I've written a script in Spark/scala to process a large graph, and can compile/run it on Intellij 14 within the Spark source-code project (downloaded version 1.2.1). What I'm trying to do now is build the Uber jar to create a single executable file I can upload to EC2 and run. I'm aware of the plugins that are supposed to create the fat jar for the project. However I can't figure out how to do this - both plugins just create 'uber' jars for each module rather than a main jar.
To be clear: I have tried both the Maven-Assembly and the Maven-Shade plugins, and each time it creates 10 main jars (called either 'jar with dependencies' or Uber' respectively) rather than one main jar. It is creating an Uber for core_2.10, another for streaming_2.10, another for graphx_2.10, and so on.

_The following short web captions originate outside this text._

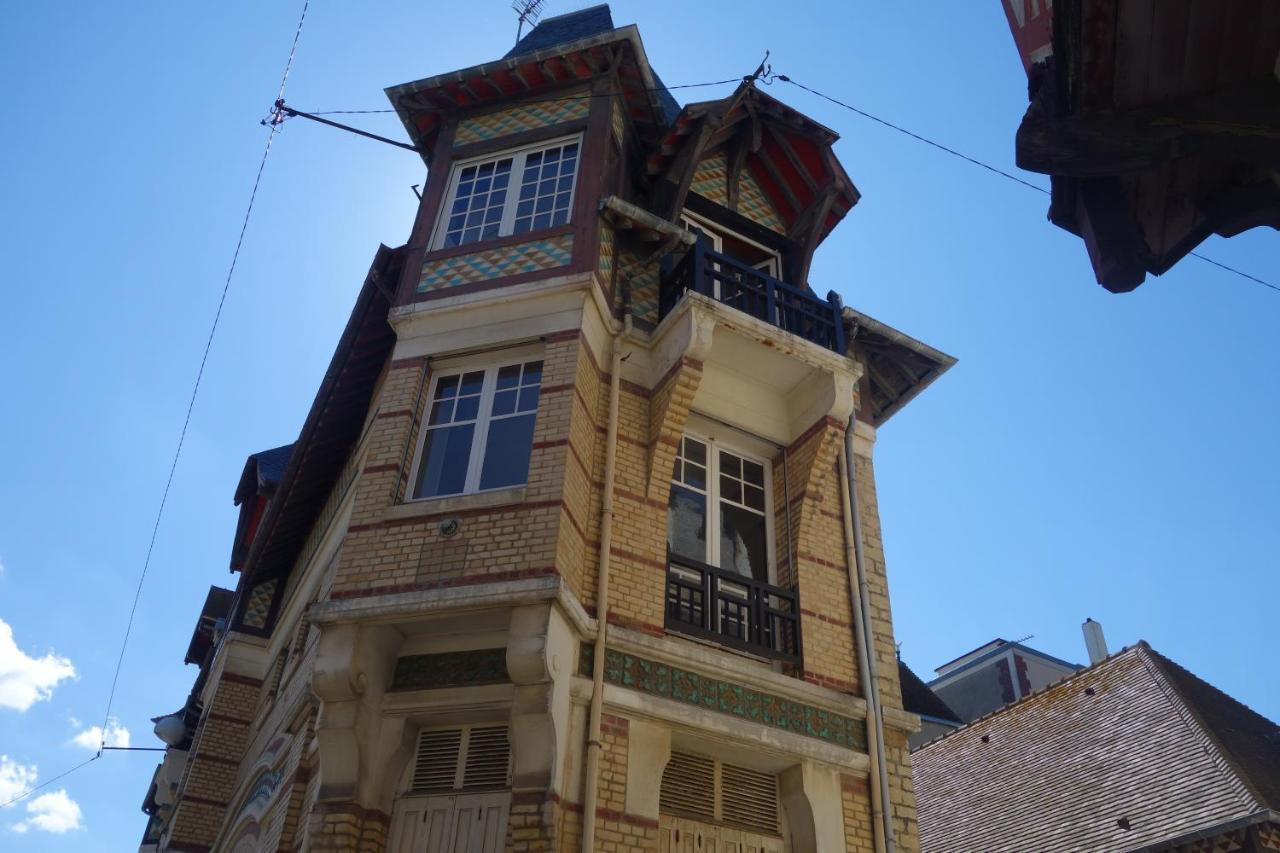 Les Grands Ducs in Trouville-Sur-Mer, France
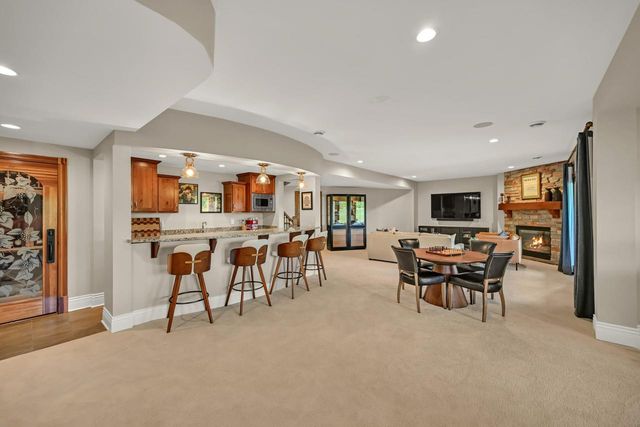 11511 N Oakview COURT, Mequon, WI 53092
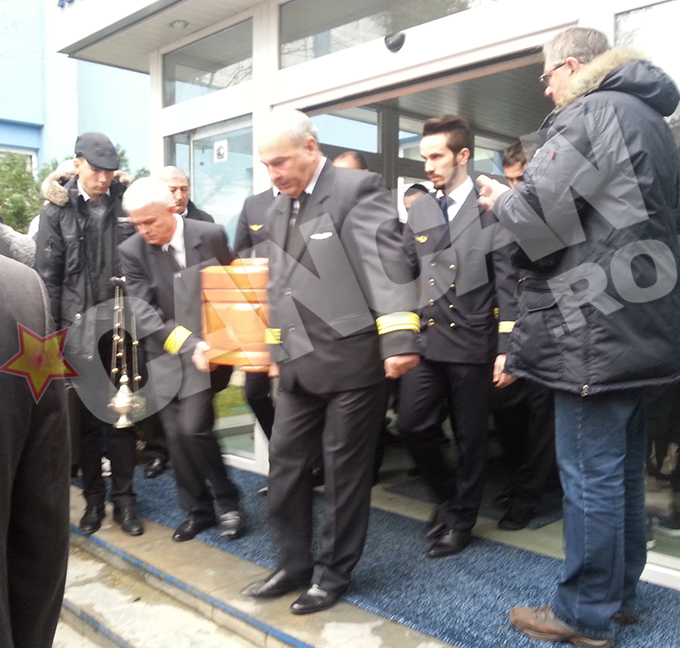 In aplauzele celor prezenti, sicriul a parasit Academia de Aviatie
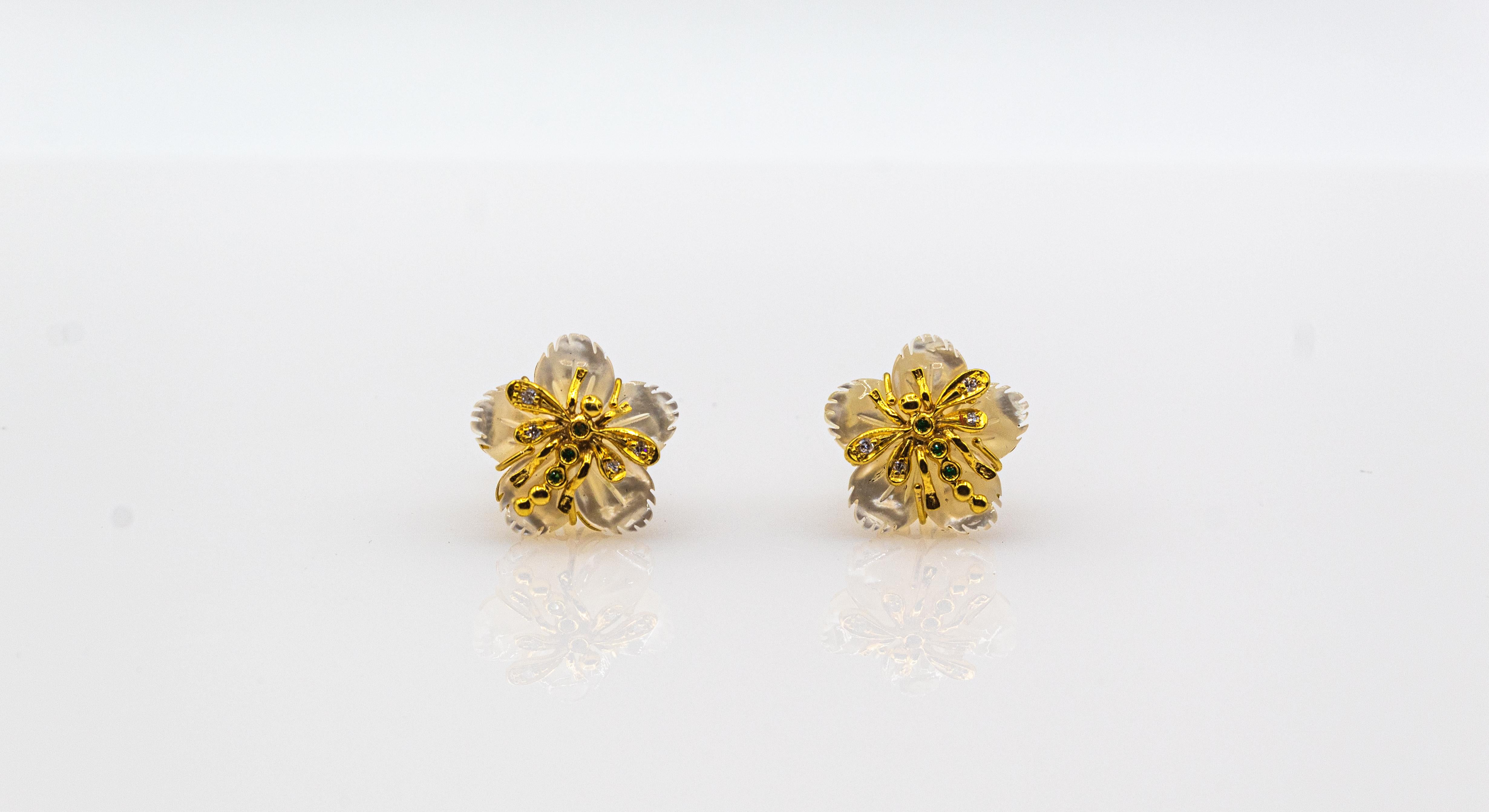 Boucles d'oreilles Art Nouveau fleurs en or jaune avec diamants blancs, émeraudes et nacre en vente 2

I have tried altering the settings and configurations of the Maven plugins. For example, I tried adding this to the Shade plugin:
<configuration>
<shadedArtifactAttached>false</shadedArtifactAttached>
<artifactSet>
<includes>
<include>org.spark-project.spark:unused</include>
</includes>
</artifactSet>
</configuration>
<executions>
<execution>
<phase>package</phase>
<goals>
<goal>shade</goal>
</goals>
</execution>
</executions>
I've also tried the alternative Maven-assembly plugin:
<configuration>
<descriptorRefs>
<descriptorRef>jar-with-dependencies</descriptorRef>
</descriptorRefs>
<archive>
<manifest>
<mainClass>org.apache.spark.examples.graphx.PageRankGraphX</mainClass>
</manifest>
</archive>
</configuration>
<executions>
<execution>
<id>make-assembly</id>
<phase>package</phase>
<goals>
<goal>single</goal>
</goals>
</execution>
</executions>
I would also point out that I've tried a number of variations on the plugin settings available online, but none has worked. It's fairly obvious that something is wrong with the project set-up. However, this isn't my project - it's a source-code installation of Apache Spark, so I have no idea why it would be so impossible to build.
I am creating the build with the command line
mvn package -DskipTests
I would appreciate help and suggestions.
Edit:
Further investigation shows that many of the Spark module dependencies in the final module are set as 'provided' in the pom (that would be org.spark.graphx, org.spark.streaming, org.spark.mlib, etc). However, running the jar for this 'final' module (the examples module) fails to find classes in those modules (ie. those dependencies). Perhaps someone with more experience knows what this means.